Question of the Week: What is the controversy about the beginning of John 8?
Verses: John 7:53-8:8, 2 Timothy 3:16-17
The controversy about the beginning of John chapter 8 is that because it does not appear in the majority of early manuscripts, it may have been a later addition to the text and doesn’t belong in our bibles. There are good scholars on both sides that debate this issue respectfully. However, since absence of evidence is not evidence of absence, this claim isn’t why it’s controversial. There are two ways to test the Bible, what the majority of the copies say and what the earliest copies say. The earliest manuscripts are preferred because it’s closer to the originals, but the majority text is how we have tested whether or not the Bible has been changed over time. The evidence against John 8 is that on top of its absence in the earliest texts, in later copies it appears in different places. Some even put it in the gospel of Luke instead of John, and others include it later in the gospel of John.

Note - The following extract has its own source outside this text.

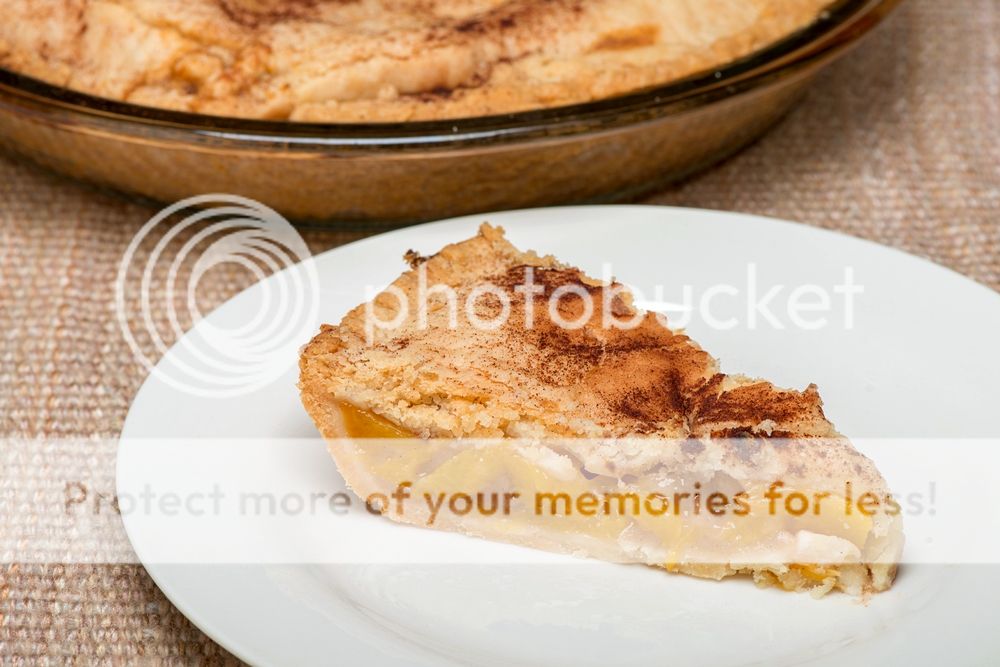 Peach%20pie%20and%20pan_zpssso1mcg4.jpg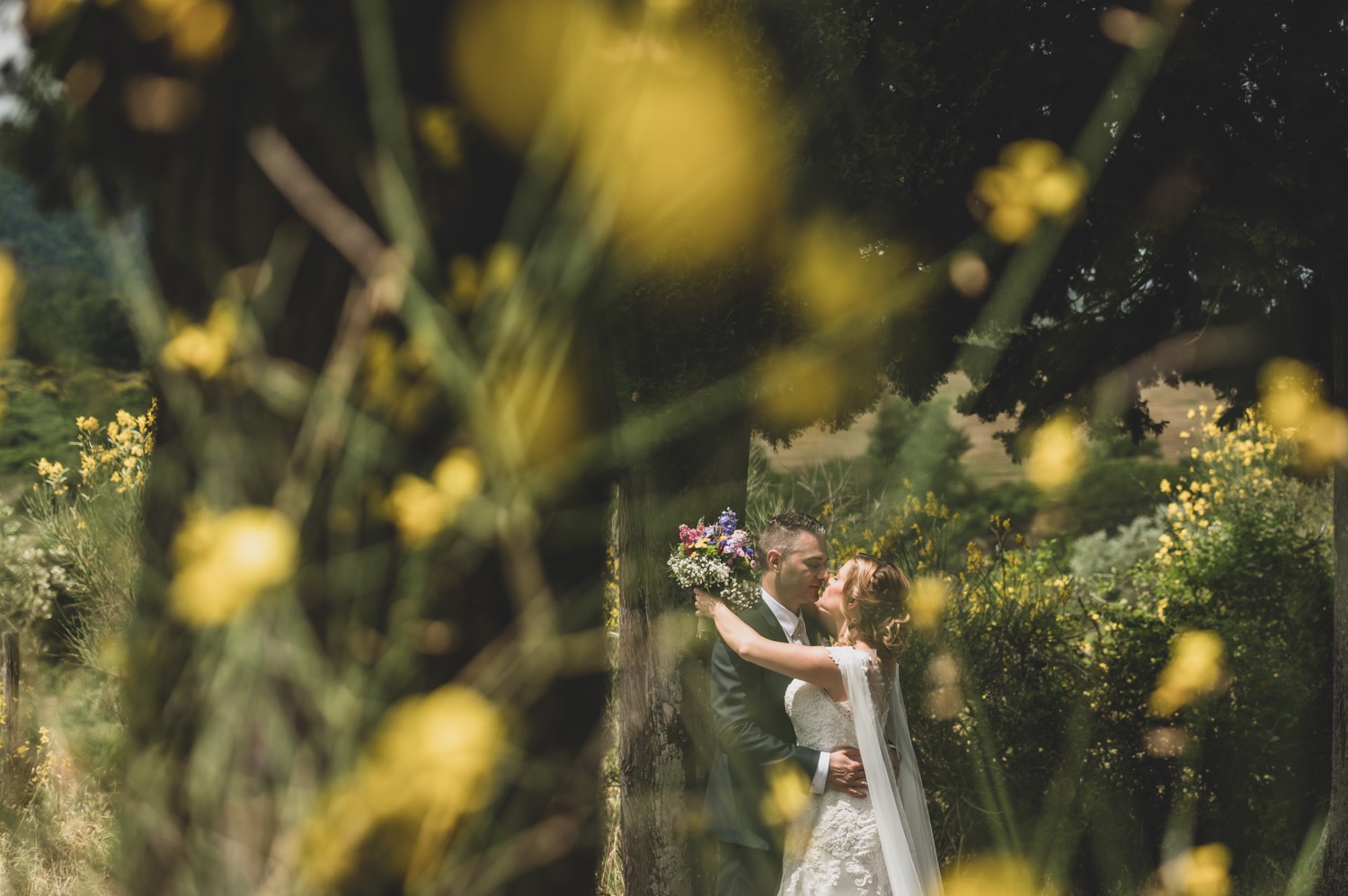 La sposa tra i fiori gialli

However, the evidence for it belonging in our Bibles is that the early church father Eusebius quotes it as a part of the gospel of John in his writings. Eusebius lived before the earliest complete greek manuscript of the Bible was written. Why it was excluded from some bibles is entirely speculative, but it ultimately comes down to this. If it doesn’t belong in our Bibles and is removed, no major doctrine of Christianity goes with it. If it does belong in our Bibles, as Eusebius affirms, then the Bible remains the same. Whichever position you take, it doesn’t make any difference. The key is that we’re honest about even controversial topics rather than censoring them. God’s word is an anvil that has worn out countless hammers of criticism, and we can have confidence that based on the evidence, it is true in its claim to be the inspired, preserved, and authoritative Word of God.